Tankstelle für die Seele

Parallelgesellschaft Im mecklenburgischen Lärz führt die Landebahn der Utopien über die Lenin-Allee und den Ché-Guevara-Ring bis zum Roten Platz

Auf einem einstigen sowjetischen Militärflugplatz errichten jeden Spätsommer 40.000 Kulturkosmonauten eine Parallelgesellschaft. Unbekannte Bands, linke Politik und schräge Leute: Es lebe der Ferienkommunismus!

Weshalb muss es immer bei jedem Festival regnen?", fragt sich ein Kulturkosmonaut am Bahnhof in Neustrelitz. Hinter ihm durchsucht ein Arbeitsloser die Müllbehälter. Dankbar stellt er die leeren Bierflaschen der Fusions-Besucher in seinen Korb. Eine Gruppe Kulturkosmonauten wartet brav auf den Bus in Richtung Militärflugplatz Lärz, ein Kaff in Mecklenburg-Vorpommern. Studenten mit blonden Dreadlocks, aneinander herumfummelnde Pärchen mit geöffneten Weinflaschen, Berliner Partytiger mit Sonnenbrillen, Babys in Tragtüchern, rauchende Langhaarige und politische Aktivisten: Alle sind für ein paar Tage Ferienkommunismus bereit, wie der inoffizielle Slogan des Fusion- Festivals lautet.

Vincent van Go Go

"Hast du ein Feuerzeug?", fragt ein Kulturkosmaut - so nennen sich die Fusions-Besucher - an der Kreuzung Lenin-Allee-Ché-Guevara-Ring. Das ist wahrscheinlich die am häufigsten gestellte Frage auf der Fusion: ein Feuerzeug, um eine Bierflasche zu öffnen, ein Feuerzeug, um einen Joint anzuzünden - oder ganz kitschig: ein Feuerzeug, um es im Publikum bei den Bands zum Winken zu benutzen. Aber eigentlich tut man so etwas nicht, denn wer zur Fusion fährt, ist cool, und coole Leute winken nicht mit Feuerzeugen. Eigentlich ist auch das Wort cool schon wieder uncool. Über die Fusion redet man nicht, man ist einfach da. Oder nicht. Letzteres ist auch möglich, denn für die Fusion wird keine Werbung gemacht. Die Fusion, das ist Widerstand gegen die Konsumgesellschaft.

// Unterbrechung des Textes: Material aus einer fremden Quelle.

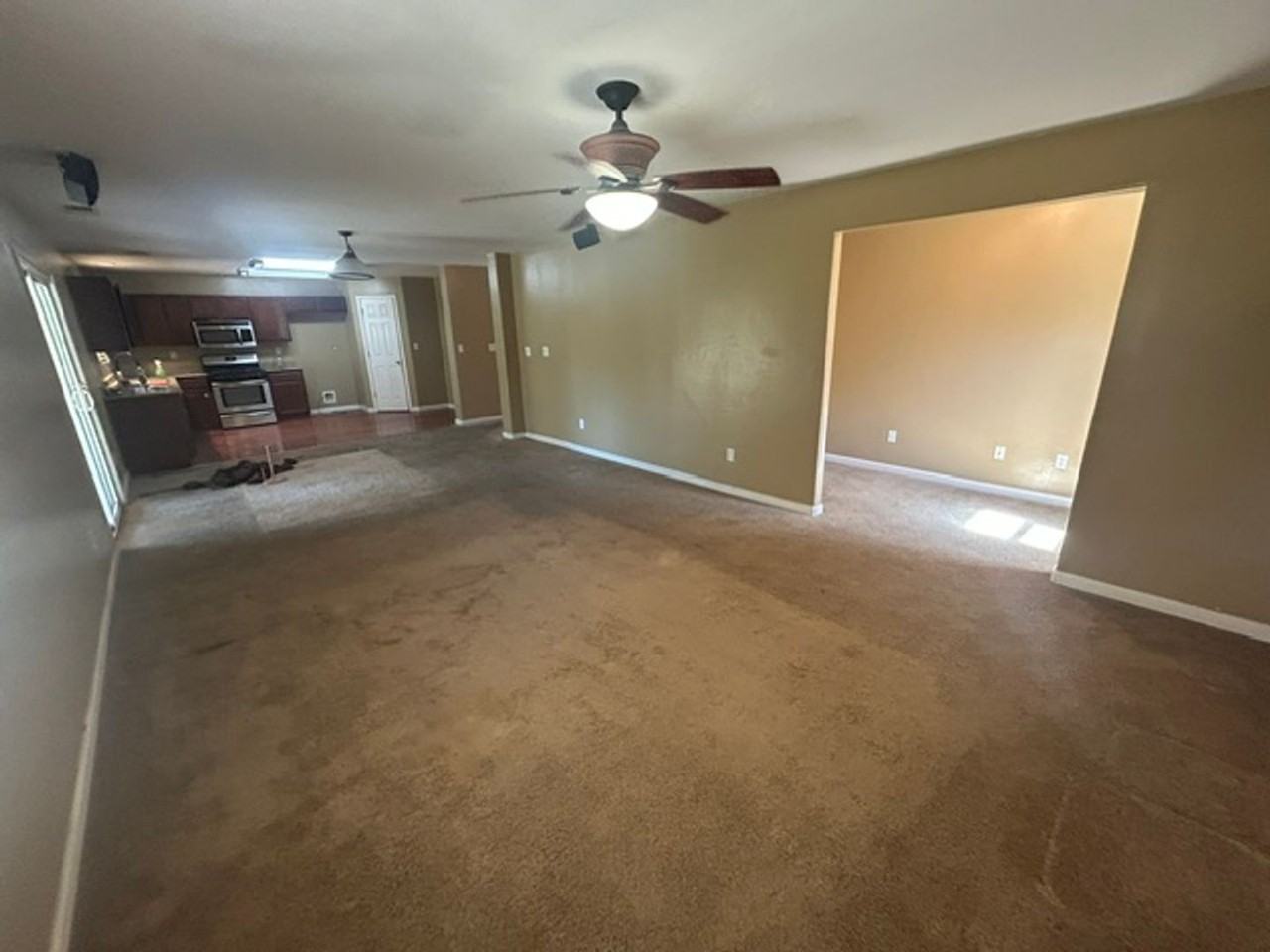 2305 E Dorothea Ave - Photo 5 of 11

"Dies ist kein Durchschnittsfestival", erklärt Mathias, der seit den späten neunziger Jahren die Fusion besucht. "In den ersten Jahren war hier gar nichts. Es kamen nur DJs, die Trance unter freiem Himmel auflegten. Es gab kein Catering, keine Toiletten, gar nichts." Mathias hat seine Zweifel, ob er nächstes Jahr wieder kommt. "Es wird langsam zu teuer. " Die Fusion kostet 60 Euro für vier Tage Bands, Theater, Kino, Hörspiele, Performances und politische Aktivitäten. Die Bands tragen Namen wie Apparatschik, Vincent van Go Go und Testsieger, während das Theater von Hipermembrana und Burnt Out Punks versorgt wird. Große Namen findet man hier freilich nicht, aber das ist den etwa 40.000 Besuchern egal, die über den Spätsommer kommen und gehen. Das Fusions-Kino zeigt Filme von Protesten gegen den G-8-Gipfel in Heiligendamm vor einem reichlichen Jahr. Außerdem gibt es iranische Kinderfilme und einen Film von 1953 über Walter Ulbricht: Baumeister des Sozialismus.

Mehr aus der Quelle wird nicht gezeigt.